Manual cluster restore

Restoring a cluster with a single control plane node

To properly restore the cluster, follow these steps on the master node:

  1. Prepare the etcdutl utility. Locate and copy the executable on the node:

    cp $(find /var/lib/containerd/io.containerd.snapshotter.v1.overlayfs/snapshots/ \
    -name etcdutl -print | tail -n 1) /usr/local/bin/etcdutl
    

    Check the version of etcdutl:

    etcdutl version
    

    Make sure the output of etcdutl version is displayed without errors.

    If etcdutl is not found, download the binary from the official etcd repository, choosing a version that matches your cluster’s etcd version:

    wget "https://github.com/etcd-io/etcd/releases/download/v3.6.1/etcd-v3.6.1-linux-amd64.tar.gz"
    tar -xzvf etcd-v3.6.1-linux-amd64.tar.gz && mv etcd-v3.6.1-linux-amd64/etcdutl /usr/local/bin/etcdutl
    
  2. Check the etcd version in the cluster (if the Kubernetes API is accessible):

    d8 k -n kube-system exec -ti etcd-$(hostname) -- etcdutl version
    

    If the command executes successfully, it will display the current etcd version.

  3. Stop etcd. Move the etcd manifest to prevent kubelet from launching the etcd pod:

    mv /etc/kubernetes/manifests/etcd.yaml ~/etcd.yaml
    
  4. Make sure the etcd pod is stopped:

    crictl ps | grep etcd
    

    If the command returns nothing, the etcd pod has been successfully stopped.

  5. Backup current etcd data. Create a backup copy of the member directory:

    cp -r /var/lib/etcd/member/ /var/lib/deckhouse-etcd-backup
    

    This backup will allow you to roll back in case of issues.
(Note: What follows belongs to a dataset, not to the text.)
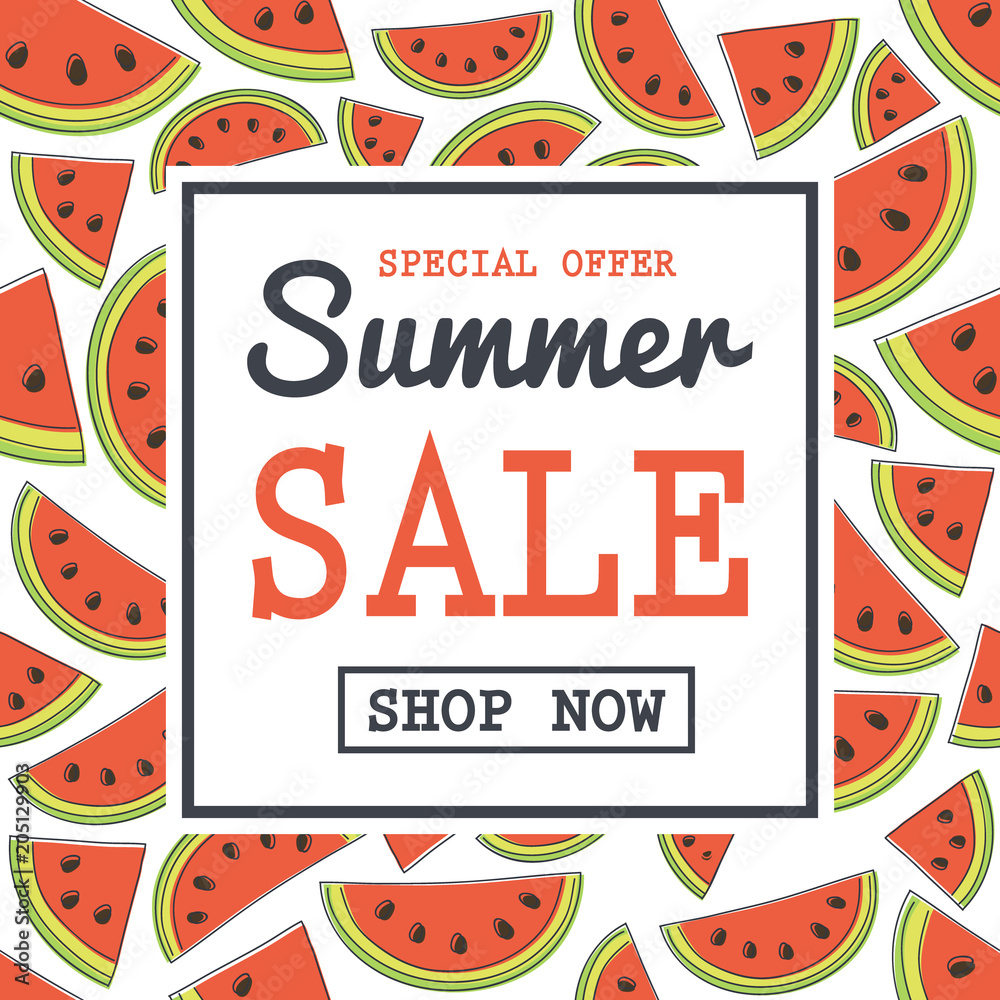 Special offer - Summer Sale. Poster with watermelons. Vector.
  6. Clean the etcd directory. Remove old data to prepare for restore:

    rm -rf /var/lib/etcd
    

    Verify that /var/lib/etcd is now empty or does not exist:

    ls -la /var/lib/etcd
    
  7. Place the etcd snapshot file. Copy or move the etcd-backup.snapshot file to the current user’s (root) home directory:

    cp /path/to/backup/etcd-backup.snapshot ~/etcd-backup.snapshot
    

    Ensure the file is readable:

    ls -la ~/etcd-backup.snapshot
    
  8. Restore the etcd database from the snapshot using etcdutl:

    ETCDCTL_API=3 etcdutl snapshot restore ~/etcd-backup.snapshot  --data-dir=/var/lib/etcd
    

    After the command completes, check that files have appeared in /var/lib/etcd/, reflecting the restored state.
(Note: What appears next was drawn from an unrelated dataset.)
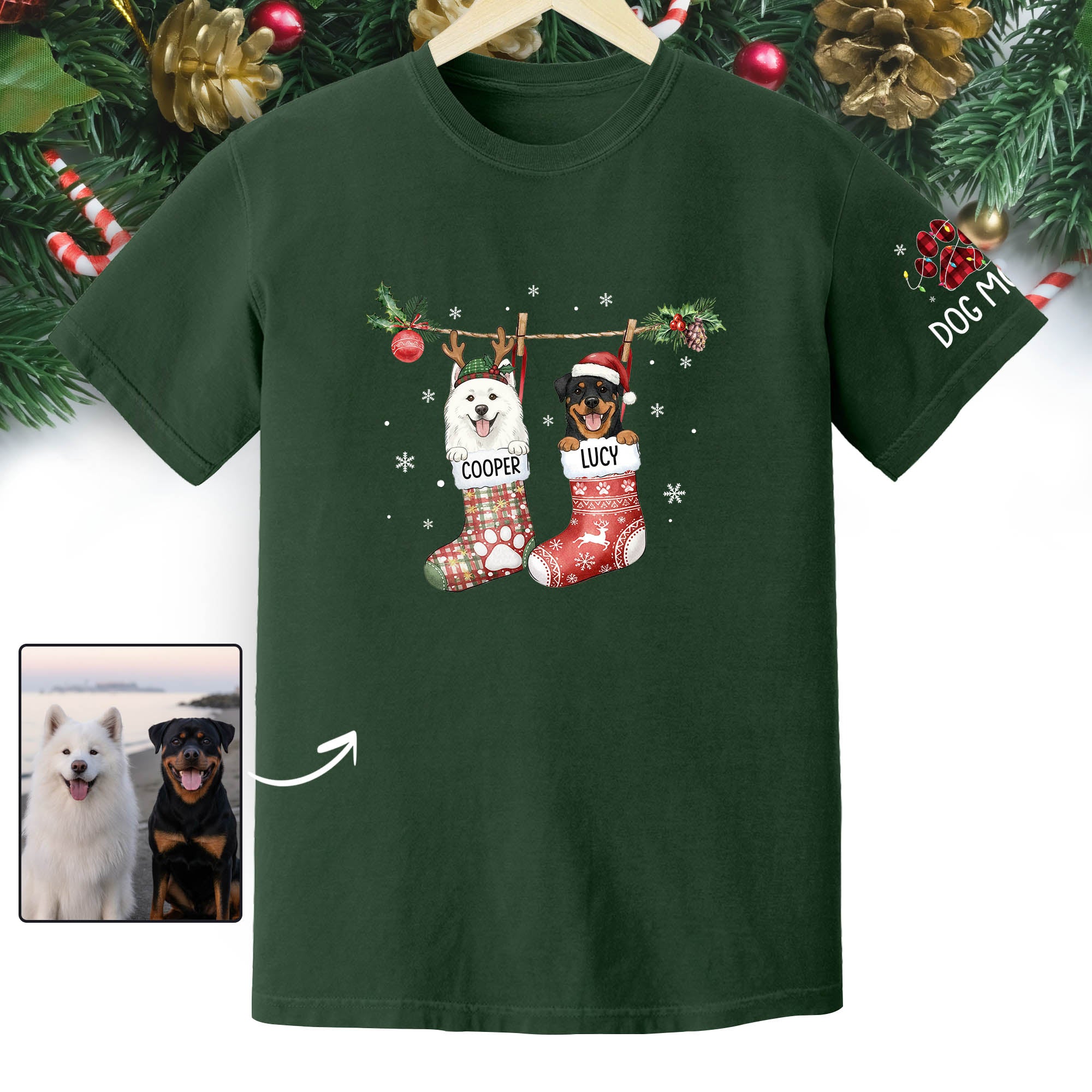 Custom Dog Lover Tee – Personalized Christmas Shirt, Cute Gift for Pet Lovers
  9. Start etcd. Move the manifest back so that kubelet relaunches the etcd pod:

    mv ~/etcd.yaml /etc/kubernetes/manifests/etcd.yaml
    
  10. Wait for the pod to be created and reach Running state. Make sure it is up and running:

    crictl ps --label io.kubernetes.pod.name=etcd-$HOSTNAME
    

    Pod startup may take some time. Once etcd is running, the cluster will be restored from the snapshot.

    Output example:

    CONTAINER        IMAGE            CREATED              STATE     NAME      ATTEMPT     POD ID          POD
    4b11d6ea0338f    16d0a07aa1e26    About a minute ago   Running   etcd      0           ee3c8c7d7bba6   etcd-gs-test
    
  11. Restart the master node.

Restoring a multi-master cluster

To properly restore a multi-master cluster, follow these steps:

  1. Enable High Availability (HA) mode. This is necessary to preserve at least one Prometheus replica and its PVC, since HA is disabled by default in single-master clusters.

  2. Switch the cluster to single master mode:

    • In a static cluster, manually remove the additional master nodes.
  3. Restore etcd from the backup on the only remaining master node. Follow the instructions for restoring a cluster with a single control-plane node.
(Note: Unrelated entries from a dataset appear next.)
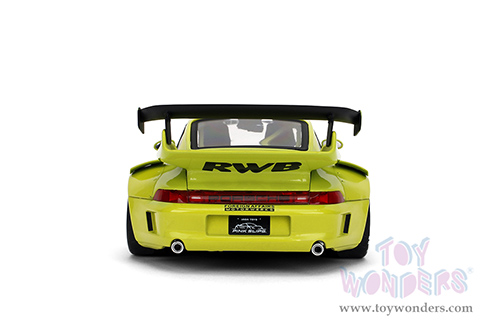 Jada Toys Pink Slips - Porsche RWB Body Kit Genki with Display Base (1/18 scale diecast model car, Lime Green) 36472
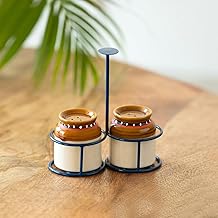 ExclusiveLane 'Old Martaban' Ceramic Salt Pepper Set for Dining Table with Iron Holder (80 ML, Set of 2) | Salt and Pepper Container for Dinning Table Salt and Pepper Dispenser Salt and Pepper Shaker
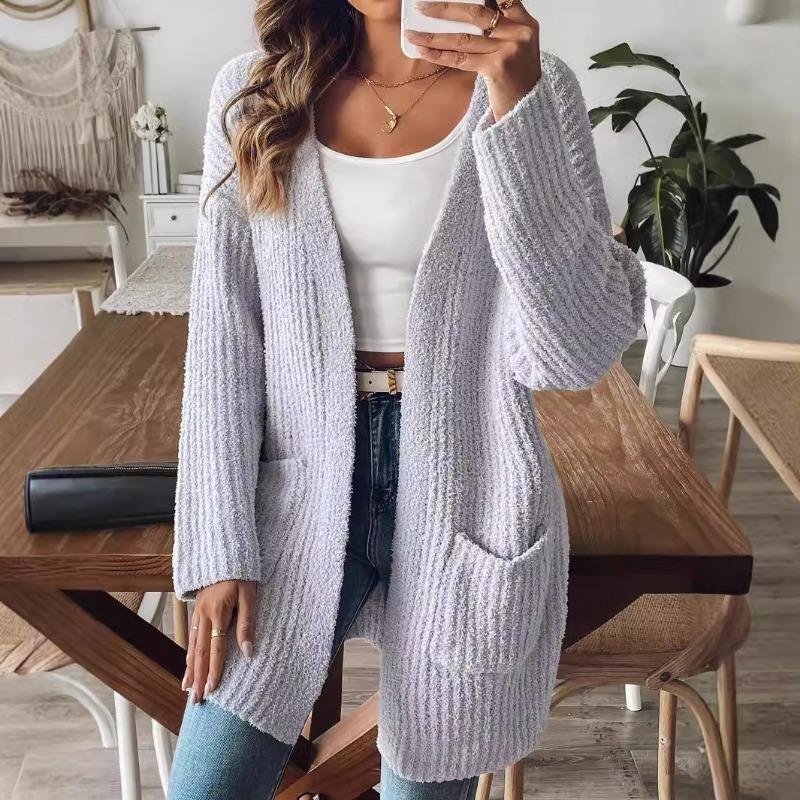 Women Casual Long Sleeve V Neck Cardigan Sweater Coat With Pockets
  4. Once etcd is restored, remove the records of the previously deleted master nodes from the cluster using the following command (replace with the actual node name):

    d8 k delete node <MASTER_NODE_NAME>
    
  5. Reboot all cluster nodes. Ensure that after the reboot all nodes are available and functioning correctly.

  6. Wait for Deckhouse to process all tasks in the queue:

    d8 platform queue main
    
  7. Switch the cluster back to multi-master mode.

Once you go through these steps, the cluster will be successfully restored in the multi-master configuration.

Restoring individual objects

Restoring Kubernetes objects from an etcd backup

To restore individual cluster objects (e.g., specific Deployments, Secrets, or ConfigMaps) from an etcd snapshot, follow these steps:

  1. Launch a temporary etcd instance. Create a separate etcd instance that runs independently from the main cluster.
  2. Load data from backup copy into temporary etcd instance. Use the existing etcd snapshot file to populate the temporary instance with the necessary data.
  3. Unload the manifests of the necessary objects in YAML format.
  4. Restore cluster objects from uploaded YAML files.

Example of steps to restore objects from an etcd backup

In the example below, etcd-backup.snapshot is a etcd shapshot, infra-production is the namespace in which objects need to be restored.

  • To decode objects from etcd you would need auger. It can be built from source on any machine that has Docker installed (it cannot be done on cluster nodes).

    git clone -b v1.0.1 --depth 1 https://github.com/etcd-io/auger
    cd auger
    make release
    build/auger -h
    
  • Resulting executable build/auger, and also the snapshot from the backup copy of etcd must be uploaded on master-node, on which following actions would be performed.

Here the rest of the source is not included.